有人总结出重置的原因是:“nginx的buffer太小,timeout太小”,nginx http模块添加一下参数配置可修复。
首先查看当前nginx.conf是否有相应配置,如果有,值是多少,考虑加倍配置:
# cd /home/soft/openresty/nginx/conf/
# grep buffer * -irn
# grep timeout * -irn
参考配置参数如下:
client_header_buffer_size 64k;
large_client_header_buffers 4 64k;
client_body_buffer_size 20m;
fastcgi_buffer_size 128k;
fastcgi_buffers 4 128k;
fastcgi_busy_buffers_size 256k;
gzip_buffers 16 8k;
proxy_buffer_size 64k;
proxy_buffers 4 128k;
proxy_busy_buffers_size 256k;
keepalive_timeout 240;
fastcgi_connect_timeout 600;
fastcgi_send_timeout 600;
fastcgi_read_timeout 600;
proxy_connect_timeout 600s;
proxy_send_timeout 1200;
proxy_read_timeout 1200;
这边暂未进行测试验证,而是采用另一种方法缓解问题,具体如下。
缓解
同事发现另一个方法也可缓解该问题:将nginx http upstream模块中的keepalive
设置注释掉(原来配置为300),也即取消nginx的长连接配置,这样每次客户端请求连接均不保留,每次请求都需要新建连接。

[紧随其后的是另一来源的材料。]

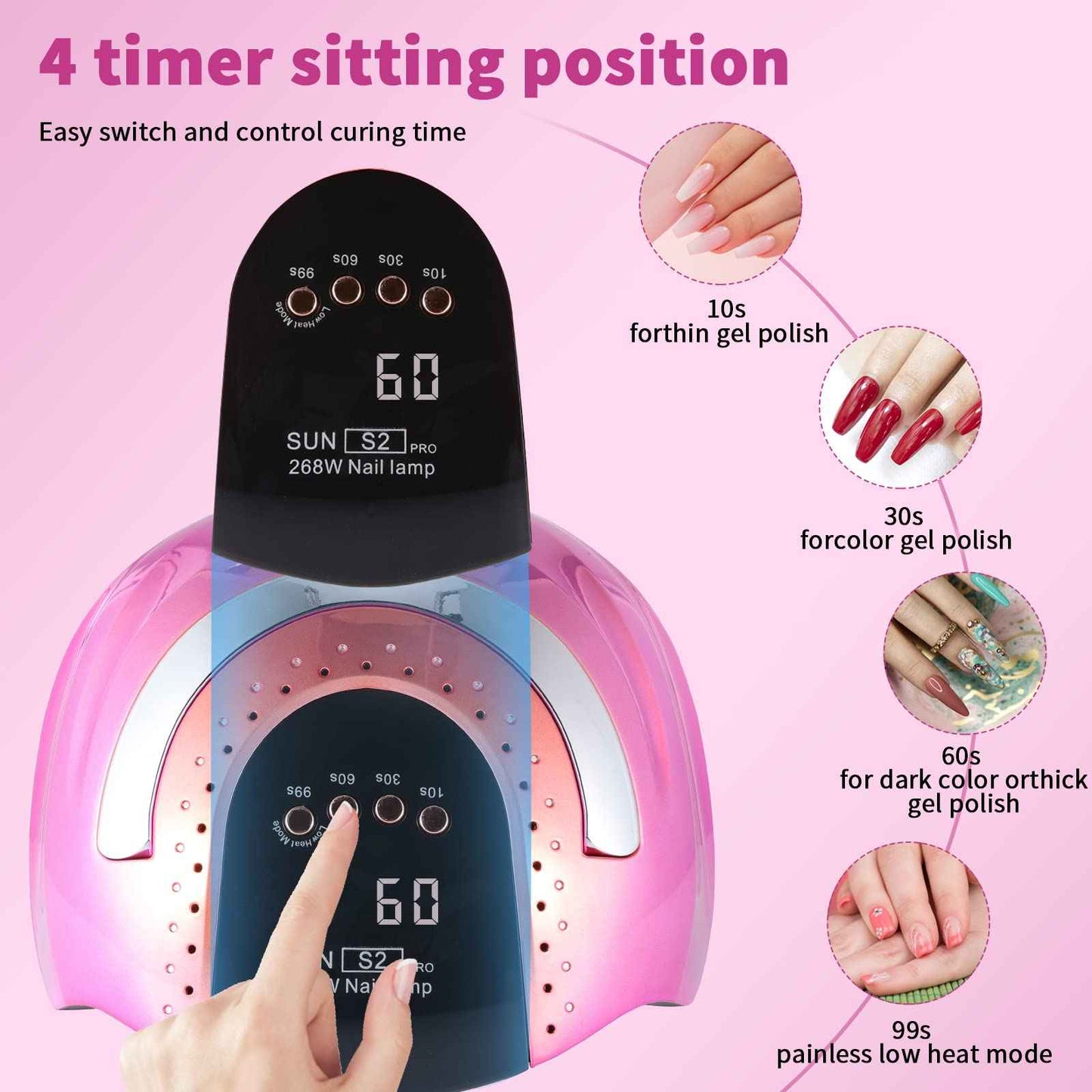 268 W UV LED Nail Lamp for Gel Polish with 4 Timer Settings and Professional Manicure Nail Dryer with Automatic Sensor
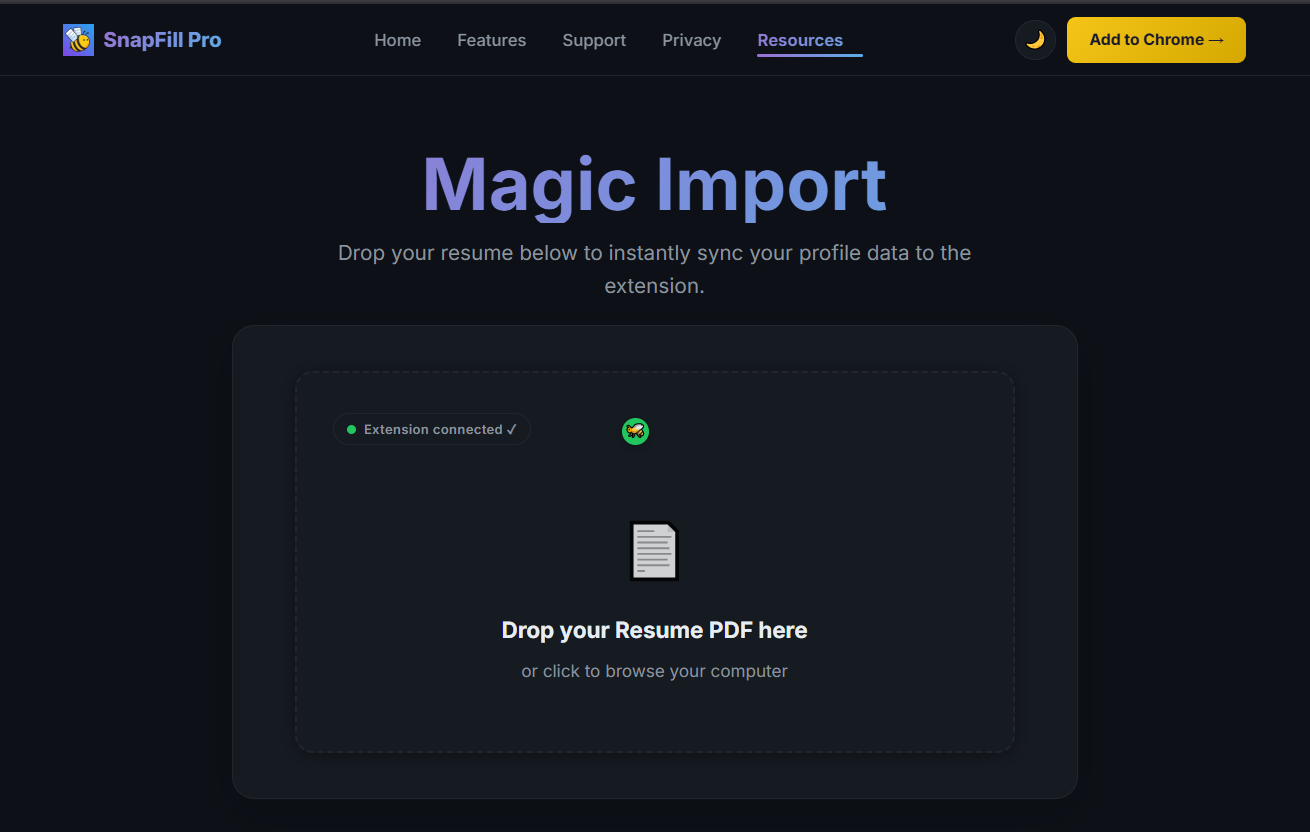 Magic Import page showing the resume drop zone with Extension connected status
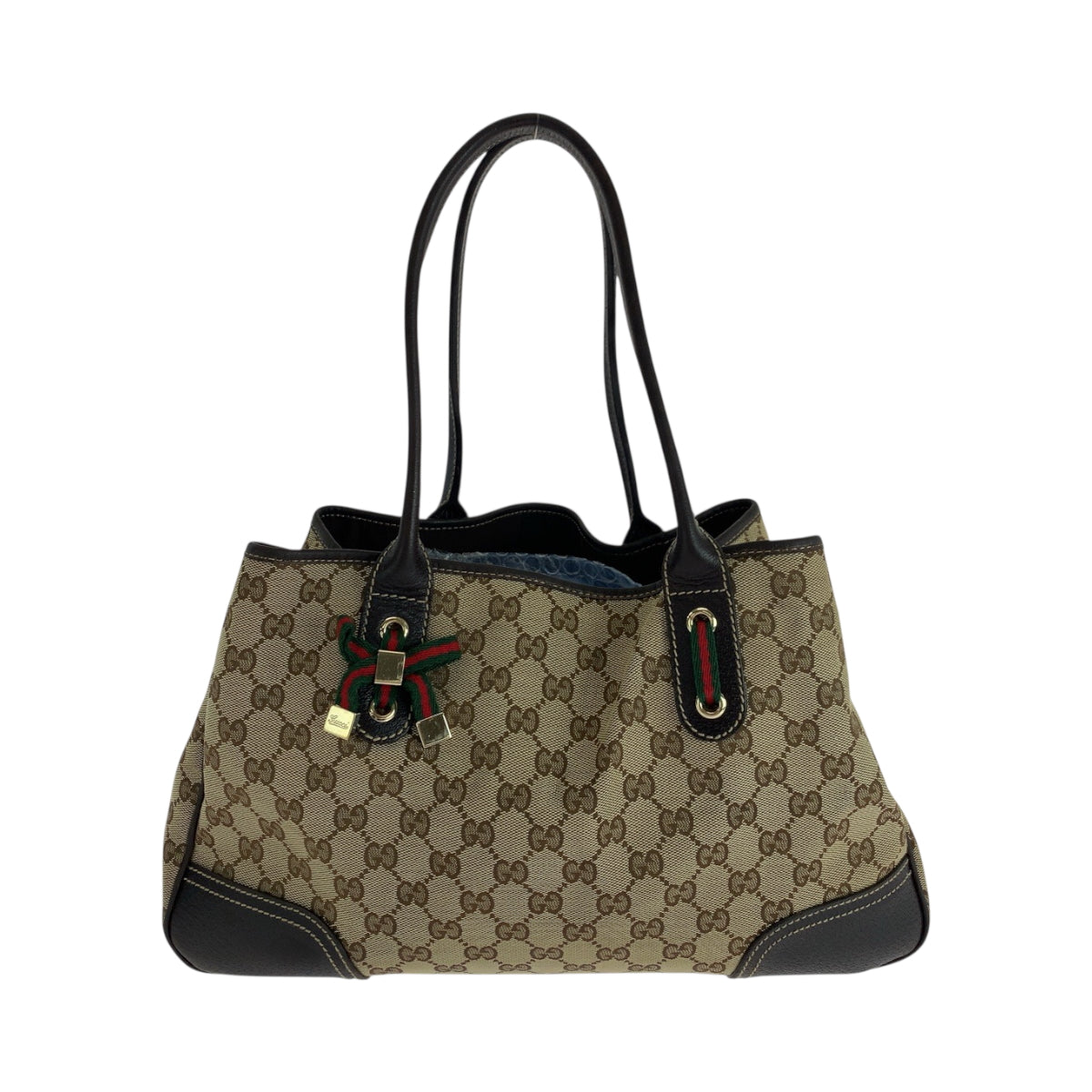Gucci GG Metal Sherry line Pretty Canvas Brown Beige Gold Shoulder Bag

官方同时提到,keepalive值不宜设置过大,否则有可能会影响到与上游服务器新连接的建立:
The connections parameter should be set to a number small enough to let upstream servers process new incoming connections as well.
修改后缓解的原因,我们推测是nginx长连接有并发瓶颈,如果设置太大的话,会影响到与上流服务器建连,导致:104: Connection reset by peer
,最终导致:nginx 502 Bad Gateway
。
后记
网上同样有朋友通过修改linux内核keepalive参数来提高http并发,同样也可以参考优化下,这边暂未进行测试验证。